In 1947, Peter opened The Broiler in Waikiki. He hired Japanese women, wearing kimonos, as server captains.
In 1950, Peter moved back to Seattle, opened a restaurant, and years later, opened three more. He returned to Hawaii and replaced The Broiler with Canlis Honolulu.
Unfortunately, Canlis Waikiki closed its doors in 1988.
Canlis’ Crab Legs with Mustard Dipping Sauce
1 tablespoon dry mustard
1 tablespoon boiling water
1 cup mayonnaise
2 tablespoons fresh lemon juice
1 1/2 tablespoons Dijon mustard
1 tablespoon prepared horseradish
2 pounds cooked crab legs, shell removed
Place dry mustard in medium bowl. Add 1 tablespoon boiling water and stir to form paste. Cool. Whisk in mayonnaise, lemon juice, Dijon mustard and horseradish. Season to taste with salt and pepper. Serve sauce with crab legs.
Legal Sea Foods in Boston, open since 1968, is the place to go if you want fish.
Several years ago, family and friends had lunch there for a birthday celebration. After eight years, I can still remember my appetizer — Buffalo Popcorn Shrimp, with shrimp and popcorn served in a movie popcorn bag. The presentation is not something one could forget.

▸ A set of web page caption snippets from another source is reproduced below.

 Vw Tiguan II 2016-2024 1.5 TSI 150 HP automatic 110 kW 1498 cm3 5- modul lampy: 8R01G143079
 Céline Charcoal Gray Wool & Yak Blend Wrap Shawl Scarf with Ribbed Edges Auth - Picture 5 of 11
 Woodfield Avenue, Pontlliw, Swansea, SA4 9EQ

Legal Sea Foods Fried Shrimp
1 pound shrimp, peeled (20-25 count)
1/4 cup buttermilk
1/2 teaspoon sugar
1/4 teaspoon vanilla
1 egg, beaten
Grasp each shrimp by the tail and cut almost through the body, halfway up. Open the shrimp halves to resemble a butterfly.
In a glass mixing bowl, mix together buttermilk, sugar, vanilla and egg. Add the shrimp and make sure they are all covered with the liquid. If not, add additional buttermilk as needed. Let the shrimp marinate for at least one hour.

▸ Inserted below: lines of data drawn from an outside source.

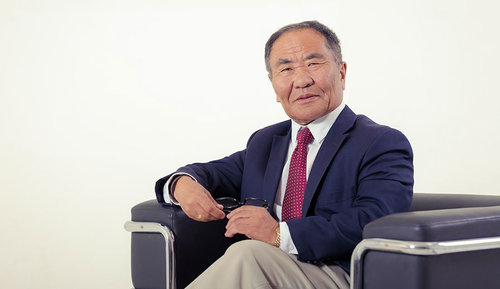 Ц.Баатар: Жо Байден улс төрийн туршлагын хувьд Трампаас тохой илүү хүн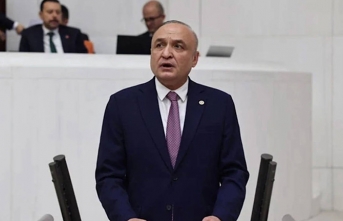 Bıçaklı saldırıya uğrayan YENİ Parti Milletvekili...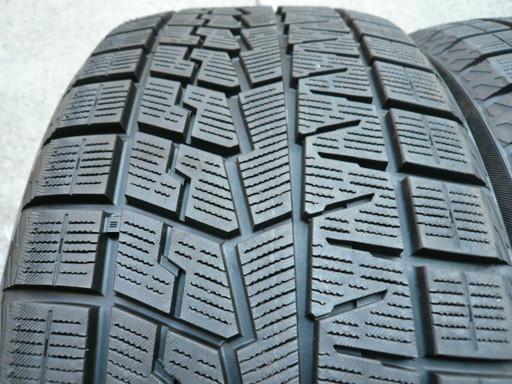 中古スタッドレスタイヤ225/45R18 95Q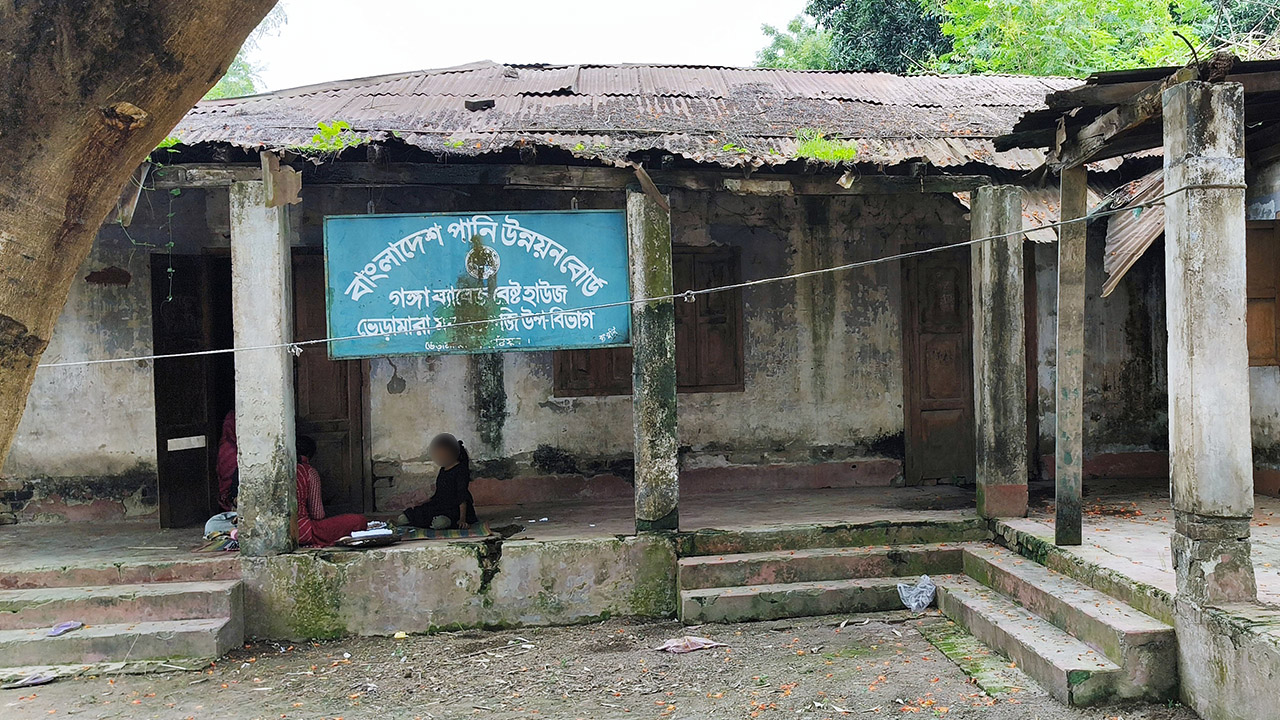 গঙ্গা ব্যারাজের পুরো জায়গাই এখন বেদখল
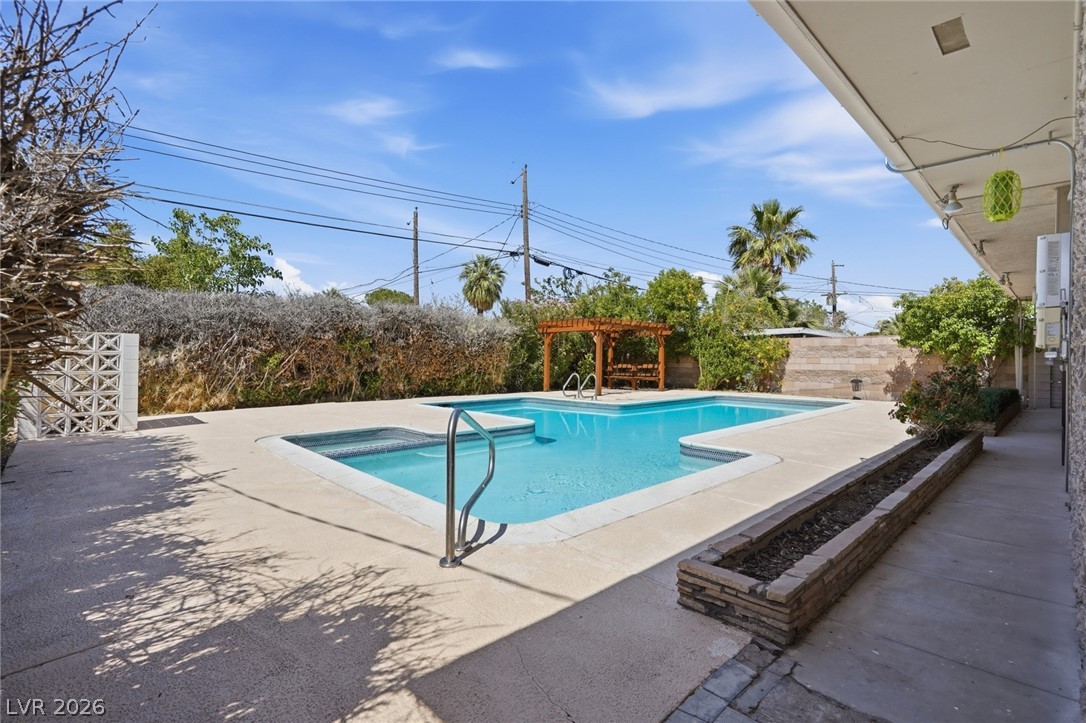 Photo 15 of 63, 909 Canosa Avenue
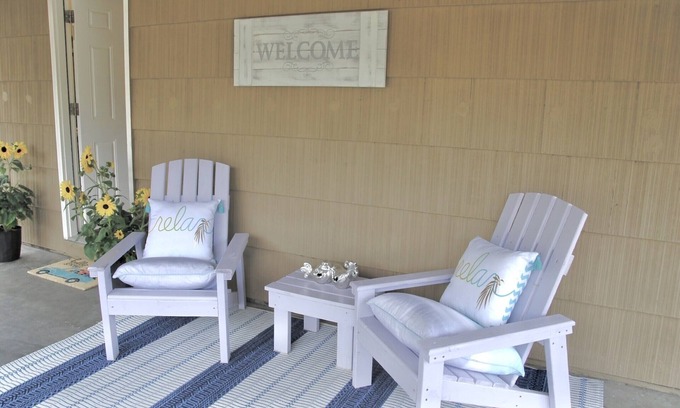 SeaTac Apartment | A Journey tucked in a quaint annex studio. Easy departure minutes from airport.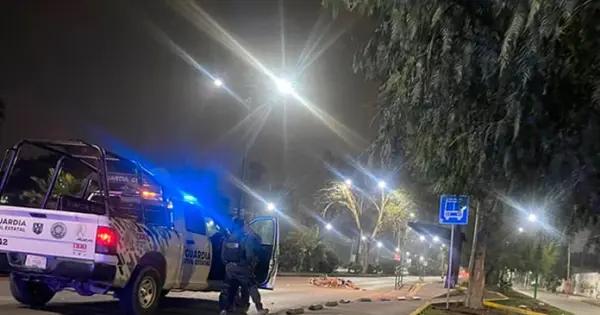 Fallece motociclista al derrapar y chocar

Place the cornmeal in a shallow bowl. Remove shrimp from liquid and shake off any access. Dip into the cornmeal and place on a rack next to the stove.

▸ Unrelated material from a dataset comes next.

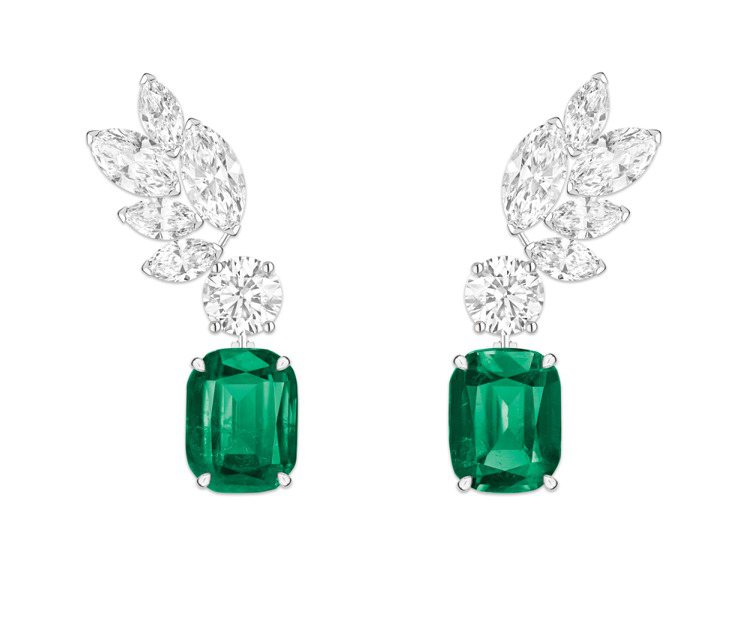 Treasures系列18K白金祖母綠鑽石耳環，可轉換成胸針配戴，訂價約630萬元。圖／PIAGET提供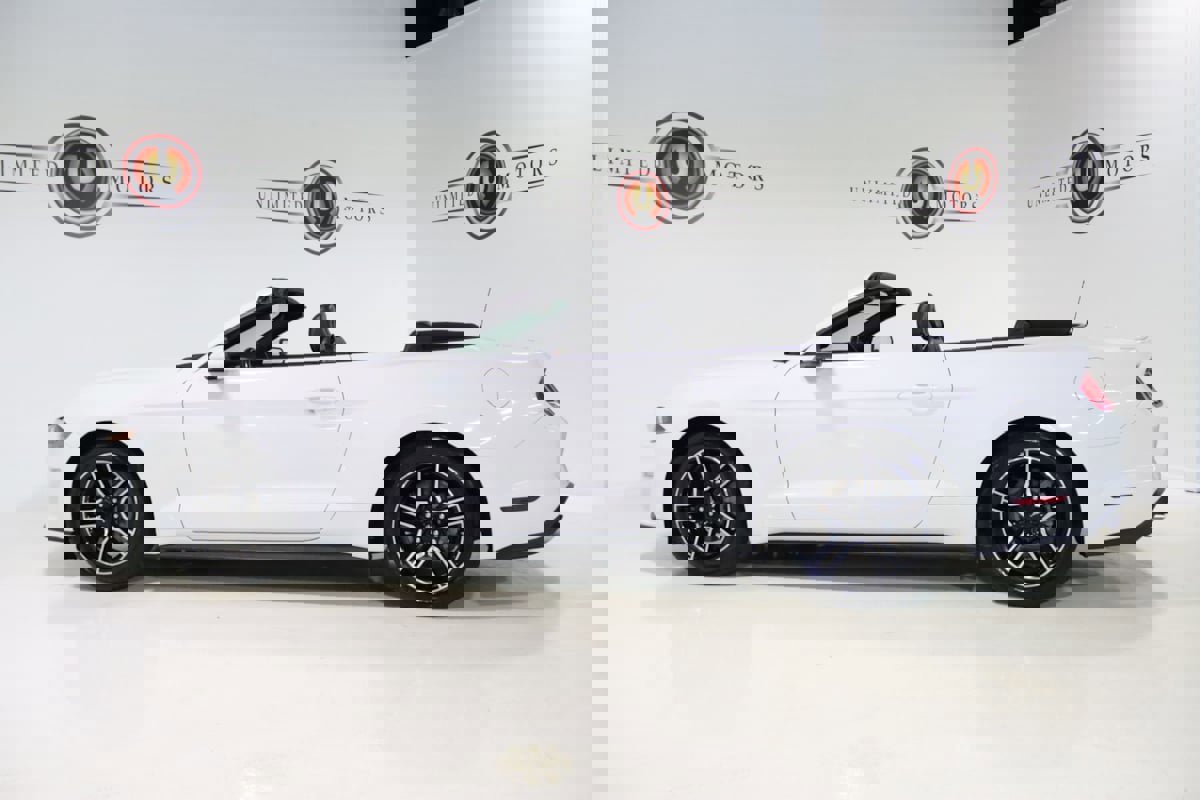 Used 2021 Ford Mustang Premium image 30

Add 1 inch of oil to a skillet. Heat the oil and fry a few shrimp at a time, regulating the heat so the shrimp do not burn. Cook for 30-45 seconds, remove and drain on paper bays. Continue with remaining shrimp.
Serve immediately with tartar sauce.
Commander’s Palace in New Orleans has been operated by the Brennan family since 1880. It trained chefs such as Paul Prudhomme and Emeril Lagasse.
I have great memories of dining at Commander’s Palace, with its great food and service.
Commander’s Palace Chicken and Mushroom Gumbo
2-3 pound roasted chicken, meat picked and medium diced
2 tablespoons kosher salt
1 tablespoon freshly ground black pepper
1/4 cup hot sauce
3 onions, medium sliced
1 head celery, leaves and roots removed, medium diced
4 green bell peppers, medium diced
1 cup garlic cloves, minced
1 cup vegetable oil
1 cup flour
3 bay leaves
1 cup Worcestershire sauce
3 quarts roasted poultry stock
1 pound roasted Chanterelle mushrooms
2 tablespoons file powder
Salt, pepper and more hot sauce to taste
1 bunch green onions, greens part, thinly sliced
Place a large, heavy gauge sauce pan over high heat and pour in 1 cup of vegetable oil. Before the oil starts to smoke, make sure the rest of the gumbo ingredients are close at hand.
When the oil is starting to smoke, whisk in the flour a little at a time until the roux is formed. Continue cooking the roux and whisking constantly, until a mahogany brown color is reached.
Add the vegetables, and bay leaves to the roux and continue to cook over high heat for an additional 5 minutes. The vegetables should start to caramelize and the roux should be evenly mixed through the vegetables. Slowly pour in the bay leaves, hot sauce and Worcestershire sauce while stirring constantly to avoid lumps.
Add the roasted poultry stock in the same fashion, and bring the new gumbo to a simmer. Reduce heat to medium-low and gently cook for at least an hour or until the gumbo stops giving up fat and foam.
When fully cooked, fold in the roasted mushrooms and diced chicken and continue to cook 5 minutes. Add the slivered green onions and adjust the seasoning as necessary.
Turn off the heat, stir in file and serve at once.